# Interior light color



## KE5GIZ (Aug 9, 2009)

I am looking at upgrading the bulbs inside and out with led lamps. As far as the interior dash illumination lamps what color would be best for driving at night?


----------



## TheLazyL (Jun 5, 2012)

KE5GIZ said:


> I am looking at upgrading the bulbs inside and out with led lamps. As far as the interior dash illumination lamps what color would be best for driving at night?


Are you talking about a vehicle?


----------



## KE5GIZ (Aug 9, 2009)

Yes I have 2 Jeep Cherokee's, a 1992 and a 1997.


----------



## TheLazyL (Jun 5, 2012)

Red.

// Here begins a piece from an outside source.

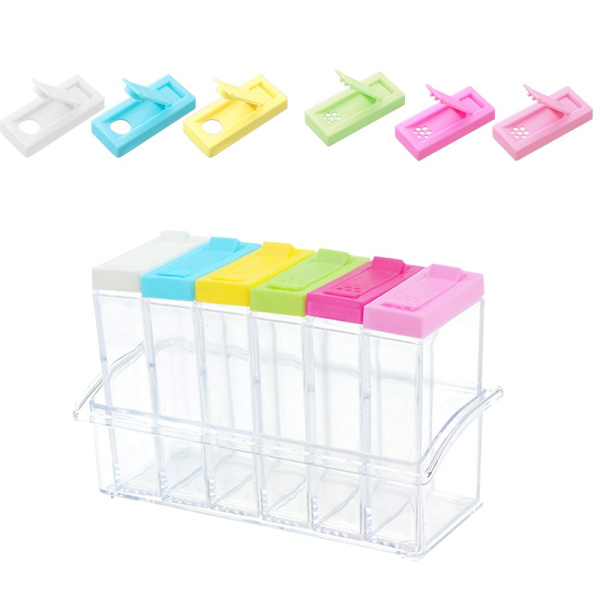 Transparent plast kryddburk set om 6, kryddburkar kryddförvaring behållare för salt socker och peppar praktisk design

IMHO


----------



## Tirediron (Jul 12, 2010)

Red or green, red won't change your pupil dilation, but it also depends on your gage faces and needles as to what colour works with them


----------



## LincTex (Apr 1, 2011)

Red used to be the standard used inside aircraft for night flight for ... *decades! * It is still used in the majority of airplanes today - - since most airplanes are really 30-40-50 years old.

However, I have noticed that all newer aircraft (last 20 years or so) trend towards BLUE. I have blue interior lights inside my airplane, my "night flying" flashlight has a blue lens, and the interior lights of my truck are all blue.


----------



## LincTex (Apr 1, 2011)

mike_dippert said:


> I don't think LED's play well with the dimmer, .


It depends on how the circuitry inside is designed to get the 14-14.5 volts down to 3-4 volts for the LED. Some are more "dimmable" than others.



mike_dippert said:


> and are way too intense for my liking.


It's going to depend a LOT on "diffusion angle". For instrument lights that generally shine onto the BACK side of the front face of the instrument panel (most vehicles), you must get lights with a 120* diffusion angle.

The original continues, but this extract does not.